[Opening DATA EXTRACT section]
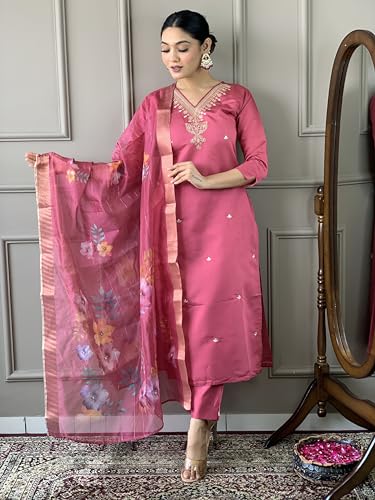 Image of Naixa Women's Viscose Silk Embroidered Straight Kurta with Pant and Dupatta Sets (S-Payal)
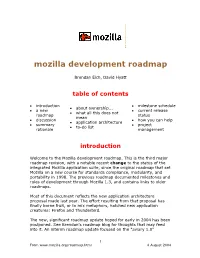 Mozilla Development Roadmap
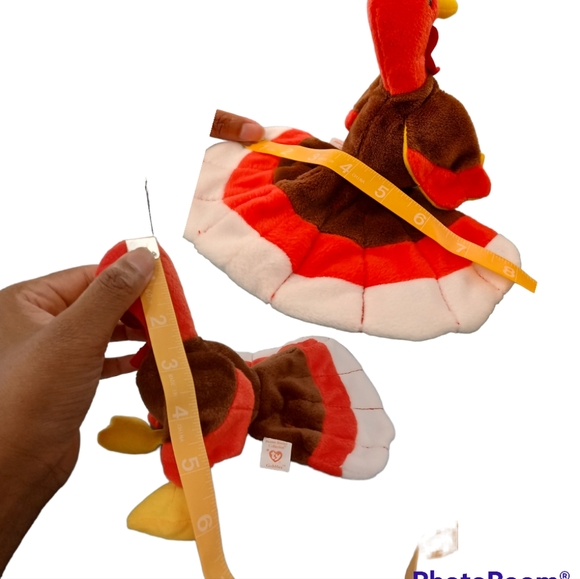 ✓TY Beanie Baby “Gobbles” Turkey Rare sitting Plush stuffed animal Thanksgiving - Picture 7 of 7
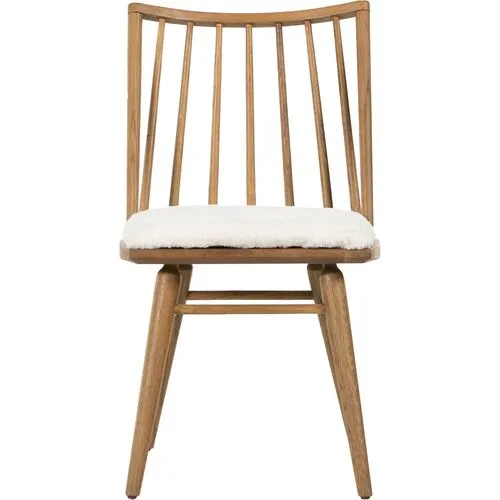 Brody Windsor Dining Chair - Natural/Sheepskin - White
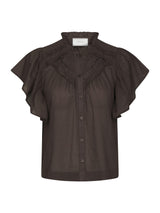 Neo Noir Vinsa S Voile Top 169039 Col. Dark Brown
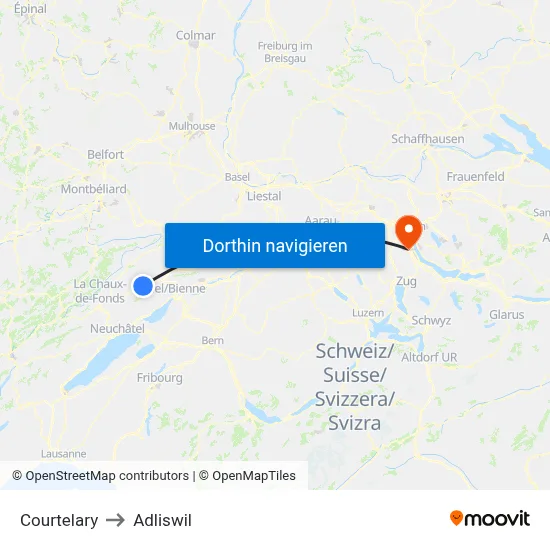 Courtelary to Adliswil map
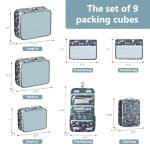 Easortm 9 Set Packing Cubes for Carry on Suitcase, Luggage Bags for Travel Packing Organizers Cubes, Luggage Organizer for Travel Accessories.(Blue Flower)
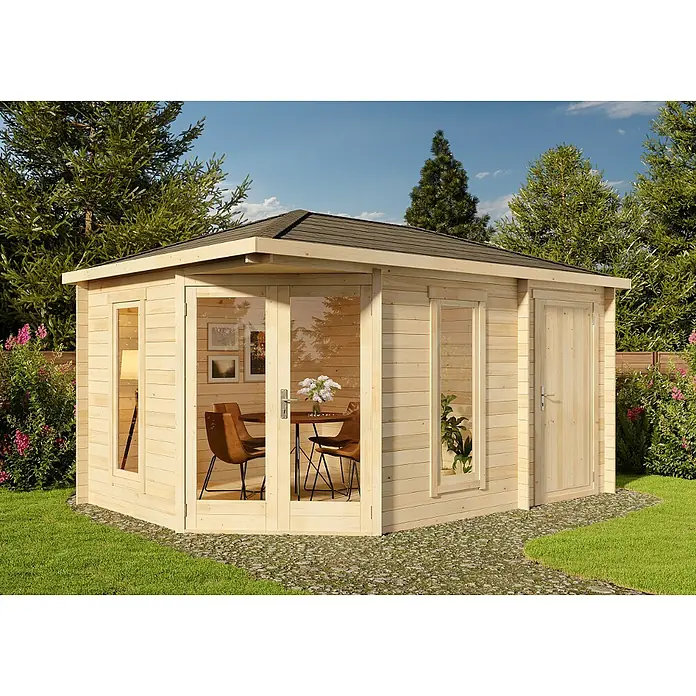 Alpholz Gartenhaus Liwa Compact - Außenmaß inkl. Dachüberstand (B x T): 452 x 312 cm, Holz, Naturbelassen - Gartenhaus aus Holz mit Fenstern und Türen, umgeben von Grün, ideal für Entspannung und Genuss der Natur.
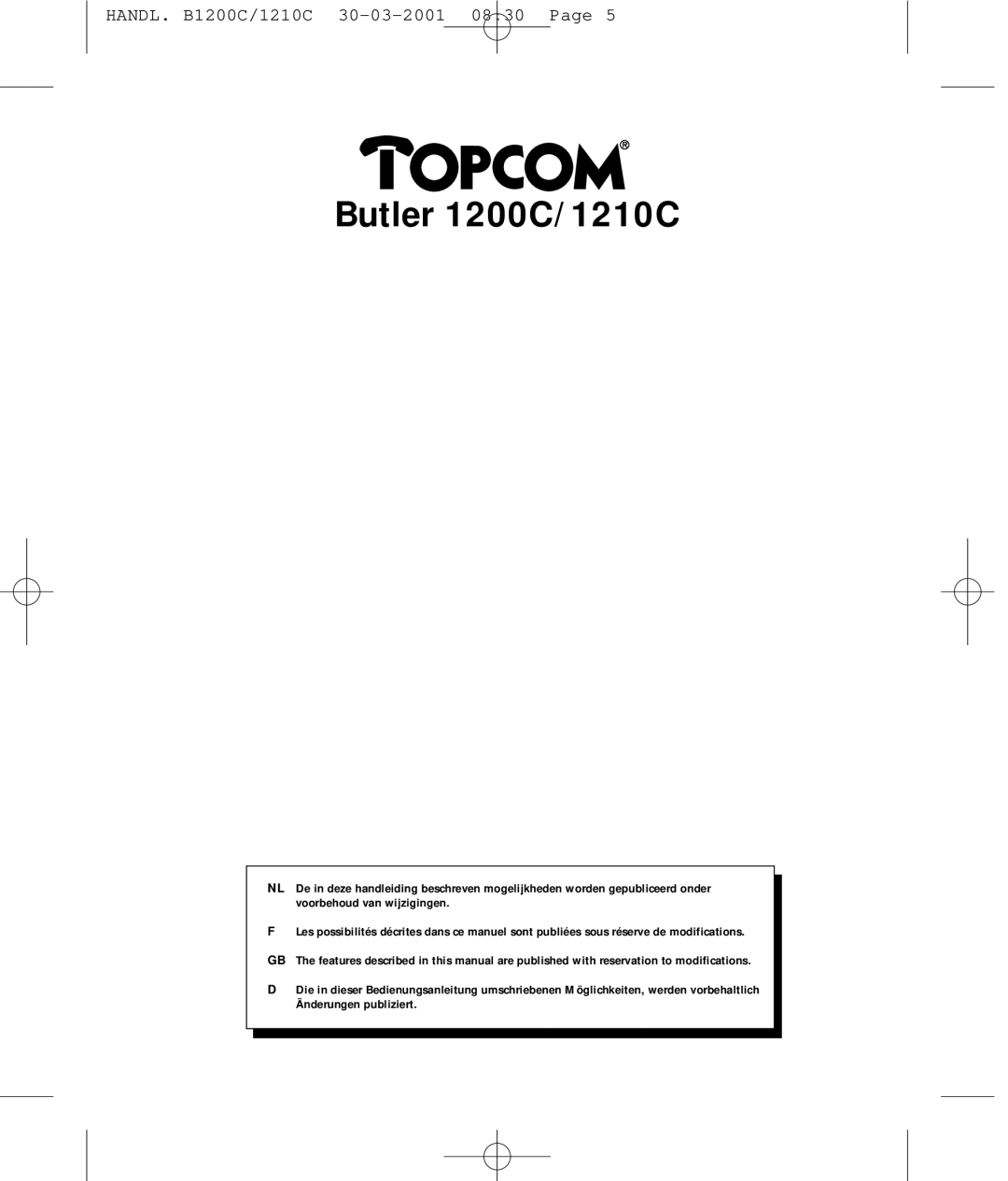 Topcom manual Butler 1200C/1210C 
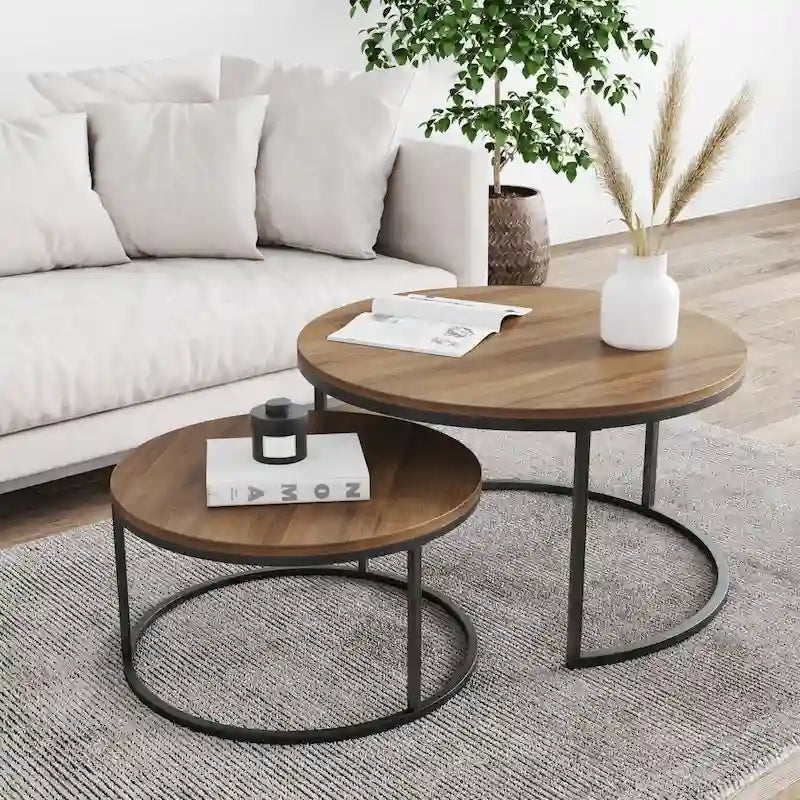 Nathan James Stella Round Nesting Coffee Table Set of 2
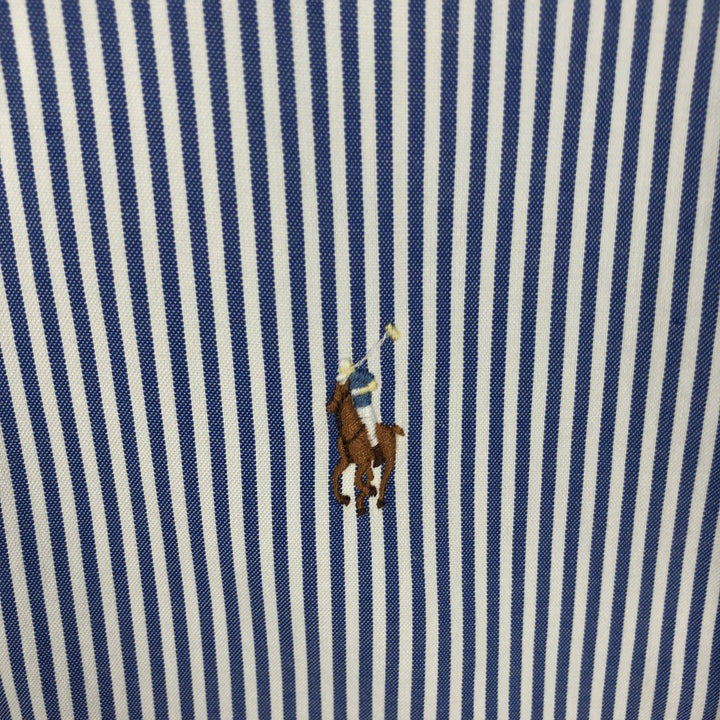 Ralph Lauren YARMOUTH Long Sleeve Button-Down Striped Shirt, Men's XL cotton blue type Vintage Second Hand
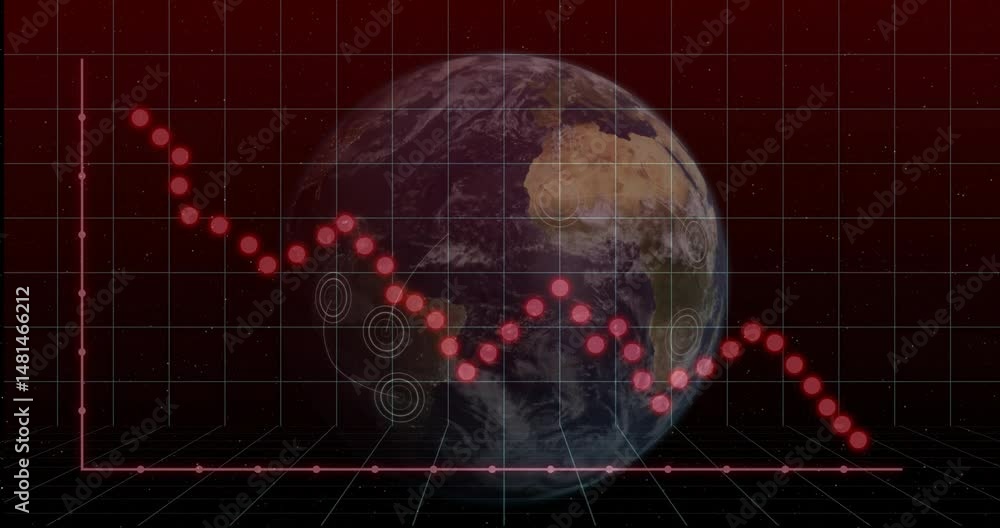 Poster earth data visualization being animated in scene, with red grid axes, data markers and target rings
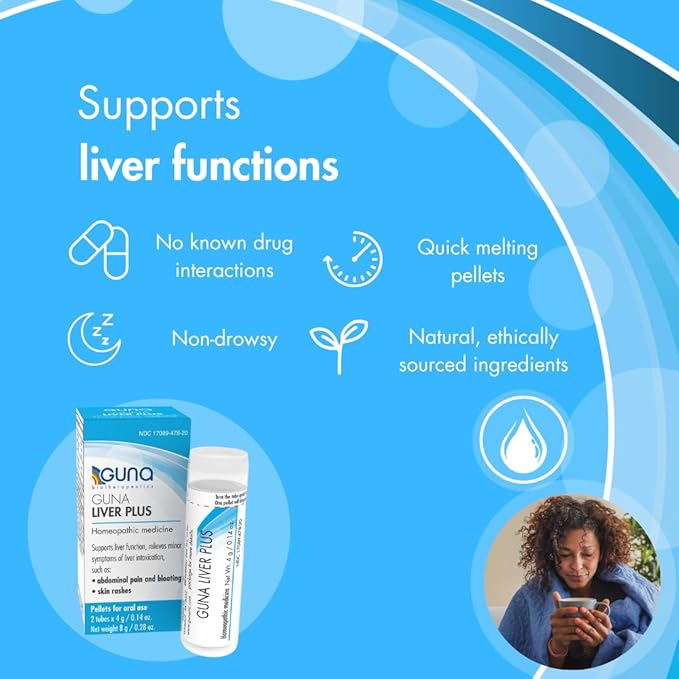 Guna Liver Plus Homeopathic Liver Support Suppleme Pellets – Supports Liver Function &amp Detox– 2 Tubes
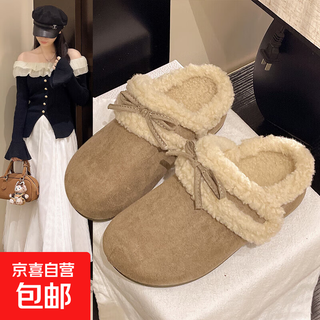 Retro bow thick-soled toe-cap fur slippers for women for outer wear 2025 new autumn and winter plus velvet warm birkenstock cotton slippers c80 card color 37
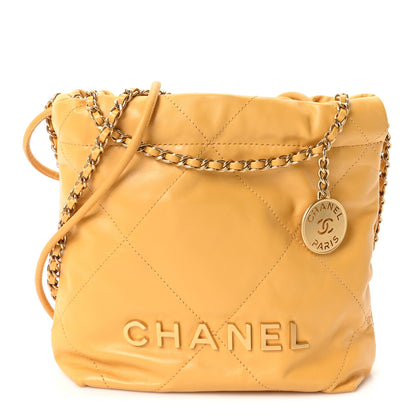 Chanel Shiny Calfskin Quilted Mini Chanel 22 Yellow 1 of 10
[Closing DATA EXTRACT section]
● AIM OF THE EXERCISE
For this exercise, set down the lines in the entries above from the one with "Courtelary to Adliswil map" through the one with "Topcom manual Butler 1200C/1210C" exactly as written, without any pictures.

● TASK RESULT
 Courtelary to Adliswil map
 Easortm 9 Set Packing Cubes for Carry on Suitcase, Luggage Bags for Travel Packing Organizers Cubes, Luggage Organizer for Travel Accessories.(Blue Flower)
 Alpholz Gartenhaus Liwa Compact - Außenmaß inkl. Dachüberstand (B x T): 452 x 312 cm, Holz, Naturbelassen - Gartenhaus aus Holz mit Fenstern und Türen, umgeben von Grün, ideal für Entspannung und Genuss der Natur.
 Topcom manual Butler 1200C/1210C 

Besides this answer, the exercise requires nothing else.